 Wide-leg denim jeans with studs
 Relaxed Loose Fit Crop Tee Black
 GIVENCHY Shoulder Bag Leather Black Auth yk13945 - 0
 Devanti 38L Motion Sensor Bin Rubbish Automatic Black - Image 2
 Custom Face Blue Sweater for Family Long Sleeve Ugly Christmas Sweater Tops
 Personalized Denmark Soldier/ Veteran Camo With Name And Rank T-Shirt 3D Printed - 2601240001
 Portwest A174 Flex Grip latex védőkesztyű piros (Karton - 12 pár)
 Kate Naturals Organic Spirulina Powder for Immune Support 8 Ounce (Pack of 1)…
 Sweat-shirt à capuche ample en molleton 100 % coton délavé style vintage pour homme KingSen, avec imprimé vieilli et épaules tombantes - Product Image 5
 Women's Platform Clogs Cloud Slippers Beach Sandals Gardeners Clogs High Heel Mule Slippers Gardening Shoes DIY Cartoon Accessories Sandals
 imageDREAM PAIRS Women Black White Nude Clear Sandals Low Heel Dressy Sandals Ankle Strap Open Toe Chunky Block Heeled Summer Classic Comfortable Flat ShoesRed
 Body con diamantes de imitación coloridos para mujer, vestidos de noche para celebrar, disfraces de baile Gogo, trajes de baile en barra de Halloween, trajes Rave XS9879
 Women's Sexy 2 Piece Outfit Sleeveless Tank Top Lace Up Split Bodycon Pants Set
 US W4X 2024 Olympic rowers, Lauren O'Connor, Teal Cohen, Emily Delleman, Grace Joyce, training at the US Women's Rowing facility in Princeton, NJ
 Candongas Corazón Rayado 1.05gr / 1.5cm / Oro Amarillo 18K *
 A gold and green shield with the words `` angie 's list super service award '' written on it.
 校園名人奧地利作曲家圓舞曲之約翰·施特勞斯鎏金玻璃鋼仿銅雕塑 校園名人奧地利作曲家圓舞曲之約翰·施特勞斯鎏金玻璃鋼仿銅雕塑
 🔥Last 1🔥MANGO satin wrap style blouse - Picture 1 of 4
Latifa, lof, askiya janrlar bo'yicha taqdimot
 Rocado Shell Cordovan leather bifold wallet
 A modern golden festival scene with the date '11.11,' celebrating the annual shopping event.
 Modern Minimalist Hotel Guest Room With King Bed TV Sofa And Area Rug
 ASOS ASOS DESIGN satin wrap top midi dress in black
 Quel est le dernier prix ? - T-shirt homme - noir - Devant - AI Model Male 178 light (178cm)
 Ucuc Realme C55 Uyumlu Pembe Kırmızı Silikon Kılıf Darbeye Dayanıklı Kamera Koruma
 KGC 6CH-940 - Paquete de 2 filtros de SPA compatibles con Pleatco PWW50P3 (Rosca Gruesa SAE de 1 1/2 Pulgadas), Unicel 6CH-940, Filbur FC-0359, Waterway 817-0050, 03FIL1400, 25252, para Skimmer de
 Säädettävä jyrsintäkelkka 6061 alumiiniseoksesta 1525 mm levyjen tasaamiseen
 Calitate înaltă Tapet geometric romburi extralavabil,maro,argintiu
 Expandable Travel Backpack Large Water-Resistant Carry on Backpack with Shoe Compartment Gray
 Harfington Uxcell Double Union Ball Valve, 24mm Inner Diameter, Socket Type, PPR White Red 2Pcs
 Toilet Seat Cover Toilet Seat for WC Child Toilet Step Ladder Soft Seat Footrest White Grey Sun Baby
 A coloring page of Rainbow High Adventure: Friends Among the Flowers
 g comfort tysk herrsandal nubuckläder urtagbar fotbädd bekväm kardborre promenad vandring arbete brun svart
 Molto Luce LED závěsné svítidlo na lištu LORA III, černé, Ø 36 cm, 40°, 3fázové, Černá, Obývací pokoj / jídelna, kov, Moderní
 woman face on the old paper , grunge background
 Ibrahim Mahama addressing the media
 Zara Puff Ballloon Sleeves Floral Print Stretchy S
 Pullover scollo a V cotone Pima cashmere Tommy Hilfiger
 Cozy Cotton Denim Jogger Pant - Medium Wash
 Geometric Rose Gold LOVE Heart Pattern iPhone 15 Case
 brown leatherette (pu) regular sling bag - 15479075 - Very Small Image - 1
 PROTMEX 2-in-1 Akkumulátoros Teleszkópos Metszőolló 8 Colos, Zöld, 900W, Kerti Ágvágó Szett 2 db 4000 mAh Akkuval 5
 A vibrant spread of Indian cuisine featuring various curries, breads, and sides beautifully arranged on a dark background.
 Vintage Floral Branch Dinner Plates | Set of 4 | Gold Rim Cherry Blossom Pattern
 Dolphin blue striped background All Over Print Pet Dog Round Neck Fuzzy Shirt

- Directions:
Lines of the material in which the word "High" occurs are to be copied out.

- Solution to this exercise:
 Women's Platform Clogs Cloud Slippers Beach Sandals Gardeners Clogs High Heel Mule Slippers Gardening Shoes DIY Cartoon Accessories Sandals
 A coloring page of Rainbow High Adventure: Friends Among the Flowers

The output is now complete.